Kubernetes client 102 represents an input interface for a user to supervisor Kubernetes master 104. Kubernetes client 102 is commonly referred to as kubectl. Through Kubernetes client 102, a user submits desired states of the Kubernetes system, e.g., as YAML documents, to supervisor Kubernetes master 104. In embodiments, the user submits the desired states within the scope of a supervisor namespace. A “supervisor namespace” is a shared abstraction between VI control plane 113 and orchestration control plane 115. Each supervisor namespace provides resource-constrained and authorization-constrained units of multi-tenancy. A supervisor namespace provides resource constraints, user-access constraints, and policies (e.g., storage policies, network policies, etc.). Resource constraints can be expressed as quotas, limits, and the like with respect to compute (CPU and memory), storage, and networking of the virtualized infrastructure (host duster 118, shared storage 170, SD network layer 175). User-access constraints include definitions of users, roles, permissions, bindings of roles to users, and the like. Each supervisor namespace is expressed within orchestration control plane 115 using a namespace native to orchestration control plane 115 (e.g., a Kubernetes namespace or generally a “native namespace”), which allows users to deploy applications in supervisor cluster 101 within the scope of supervisor namespaces. In this manner, the user interacts with supervisor Kubernetes master 104 to deploy applications in supervisor cluster 101 within defined supervisor namespaces.
While
Pod VM controller 216 is an agent 152 of orchestration control plane 115 for supervisor cluster 101 and allows supervisor Kubernetes master 104 to interact with hypervisor 150. Pod VM controller 216 configures the respective host as a node in supervisor cluster 101. Pod VM controller 216 manages the lifecycle of pod VMs 130, such as determining when to spin-up or delete a pod VM. Pod VM controller 216 also ensures that any pod dependencies, such as container images, networks, and volumes are available and correctly configured. Pod VM controller 216 is omitted if host cluster 118 is not enabled as a supervisor cluster 101.
Image service 218 is configured to pull container images from image registry 190 and store them in shared storage 170 such that the container images can be mounted by pod VMs 130. Image service 218 is also responsible for managing the storage available for container images within shared storage 170. This includes managing authentication with image registry 190, assuring providence of container images by verifying signatures, updating container images when necessary, and garbage collecting unused container images. Image service 218 communicates with pod VM controller 216 during spin-up and configuration of pod VMs 130. In some embodiments, image service 218 is part of pod VM controller 216. In embodiments, image service 218 utilizes system VMs 130/140 in support VMs 145 to fetch images, convert images to container image virtual disks, and cache container image virtual disks in shared storage 170.
Network agents 222 comprises agents 152 installed by network manager 112. Network agents 222 are configured to cooperate with network manager 112 to implement logical network services. Network agents 222 configure the respective host as a transport node in a cluster 103 of transport nodes.
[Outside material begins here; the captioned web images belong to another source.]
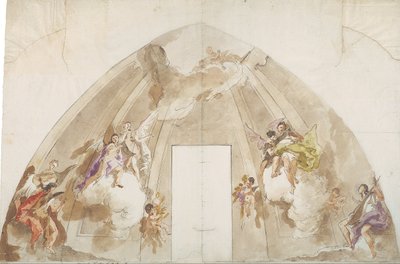 Ángeles cantores y músicos: Dibujo preparatorio para el techo de la catedral de Udine de Giovanni Battista Tiepolo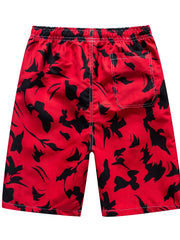 Coconut Palm Pattern Beach Shorts Men's Quick Dry Waist Drawstring Shorts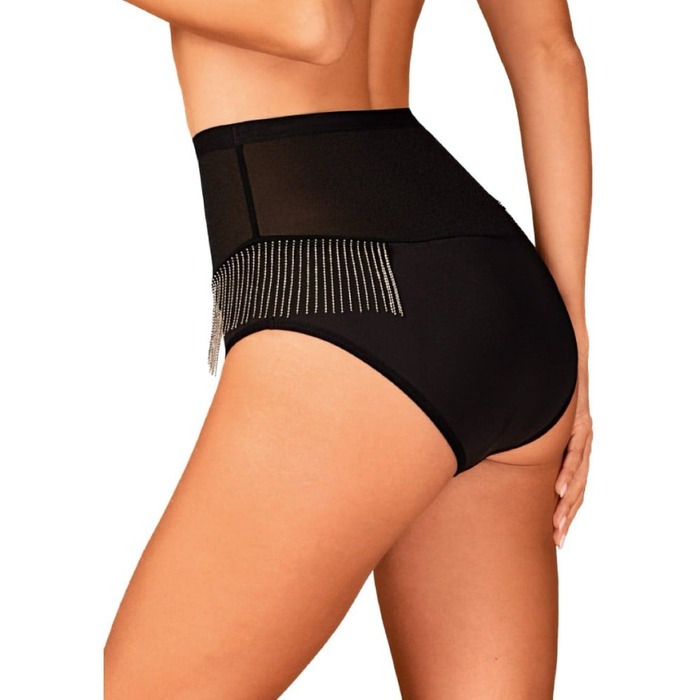 Трусики полупрозрачные с блестящей бахромой Obsessive MILLADIS черный, M/L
Each pod VM 130 has one or more containers 206 running therein in an execution space managed by container engine 208. The lifecycle of containers 206 is managed by pod VM agent 212. Both container engine 208 and pod VM agent 212 execute on top of a kernel 210 (e.g., a Linux® kernel). Each native VM 140 has applications 202 running therein on top of an OS 204. Native VMs 140 do not include pod VM agents and are isolated from pod VM controller 216. Container engine 208 can be an industry-standard container engine, such as libcontainer, runc, or containerd. Pod VMs 130, pod VM controller 216, and image service 218 are omitted if host cluster 118 is not enabled as a supervisor cluster 101.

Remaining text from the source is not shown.